Opinión

Guerra de símbolos

A lo largo de los años noventa, en el País Vasco fueron frecuentes las ‘guerras de las banderas’ con motivo de las fiestas grandes de las principales ciudades, que provocaban importantes altercados entre los proindependentistas de Herri Batasuna en sus distintas denominaciones y las fuerzas policiales. Tras la vuelta a la legalidad de las formaciones abertzales y su  llegada a los gobiernos municipales, en la segunda década de este siglo se volvieron a recrudecer pero de distinta manera, con la ocultación de la enseña nacional o con la aparición en sus fachadas de carteles a favor del acercamiento de los presos de ETA.

Es decir, que lo que se ve ahora en numerosos edificios consistoriales de Cataluña con lazos amarillos, ya se ha vivido con antelación, y la forma en la que se actuó contra esa “vulneración de los principios de objetividad y neutralidad política que deben respetar las entidades de régimen local”, -como señaló una sentencia del TSJPV al respecto-, es poner en marcha acciones judiciales que en el caso de obtener sentencias favorables deben cumplirse, o el alcalde corre el riesgo de ser inhabilitado para el ejercicio de cargo público.

Lo lógico es que sea la Delegación del Gobierno en Cataluña quien emprenda estas acciones legales, a sabiendas de que en lugar de apaciguar los ánimos los puede enconar. Pero si para los ‘indepes’ sus símbolos son intocables, también lo son para el resto de españoles en tanto no se cambien las leyes que regulan y protegen su uso. Ahora bien, tampoco conviene realizar un ejercicio de cinismo como el del secretario general del PP, Teodoro García Egea, que recrimina al Gobierno  esa falta de actuación cuando hasta hace poco más de dos meses era su partido el que estaba en el Gobierno, y sus iniciativas para devolver la bandera española al lugar que le corresponde y quitar carteles en favor de los presos en los ayuntamientos independentistas tendrían que haber sido más intensas.

Cuestión distinta es la ocupación de espacios públicos que han realizado los independentistas con su simbología amarilla y la reacción, minoritaria, de la ciudadanía para retirarla, ambas acciones enmarcadas en la manifestación de la libertad de expresión, si bien en el primer caso comienzan a vulnerar otros derechos y a poner en riesgo la seguridad de todos. Ni quitar ni poner lazos puede ser objeto de reproche penal según la fiscal general del Estado.

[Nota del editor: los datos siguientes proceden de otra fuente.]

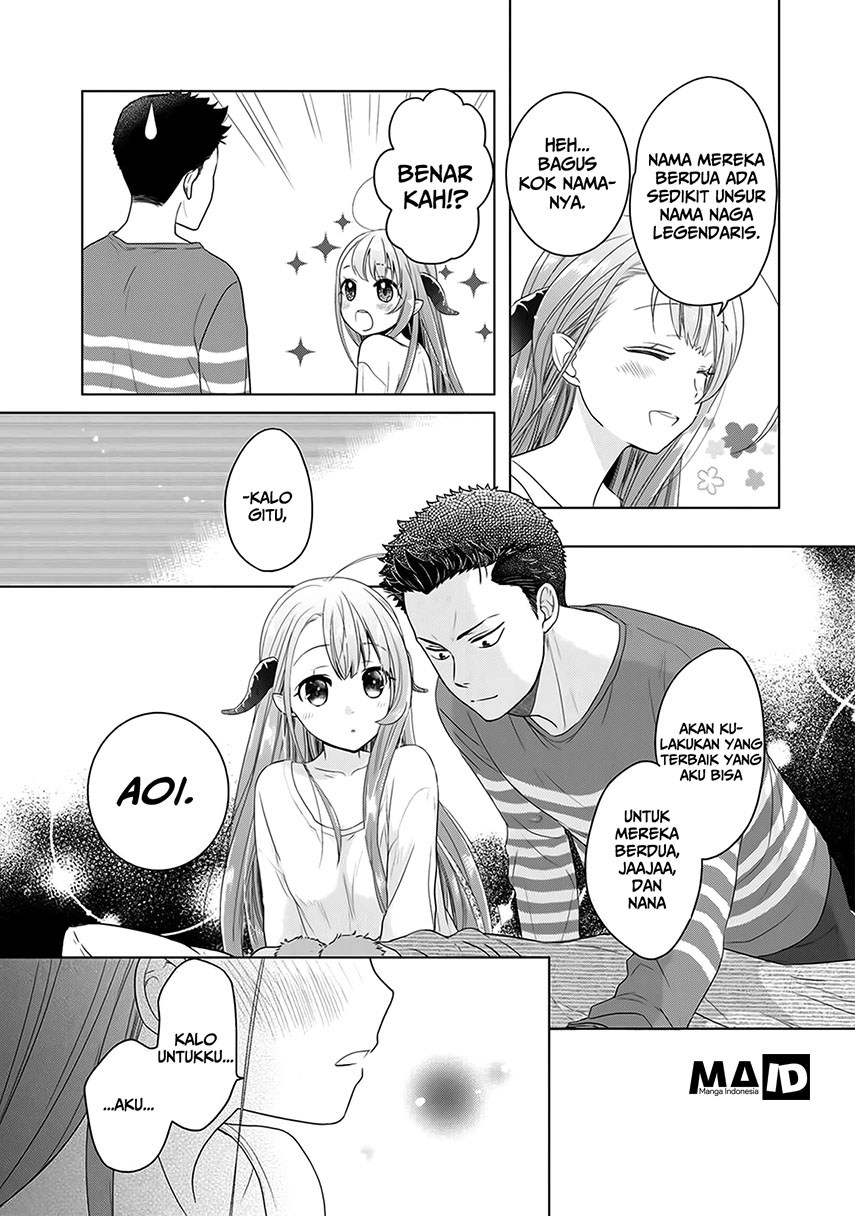 Kitaku Tochuu de Yome to Musume ga Dekita n dakedo, Dragon datta. chapter 3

Pero lo que si ocurre es que sin llegar a un clima de enfrentamiento civil ya tienen lugar escaramuzas que todas las autoridades públicas debieran esforzarse por  frenar.

Pedir una actitud razonable al presidente de la Generalitat parece inútil, sin embargo,  cuando las retiradas de lazos amarillos las atribuye a “grupos armados y organizados” –un exceso y otra vuelta de tuerca al victimismo- que habrían contado con la participación de agentes policiales a título personal, que están  siendo investigados. Tampoco el ofrecimiento de García Egea para ir a quitar lazos él mismo contribuye a serenar los ánimos.

Por el contrario Quim Torra no tiene reparos en que la policía autonómica identifique y pretenda sancionar a quienes retiran esos mismos símbolos, aplicando una doble vara de medir que solo la reunión de la Junta de Seguridad de Cataluña puede encauzar, con los mossos d’esquadra como garantes de los derechos de todos. ¿Se lo ordenarán?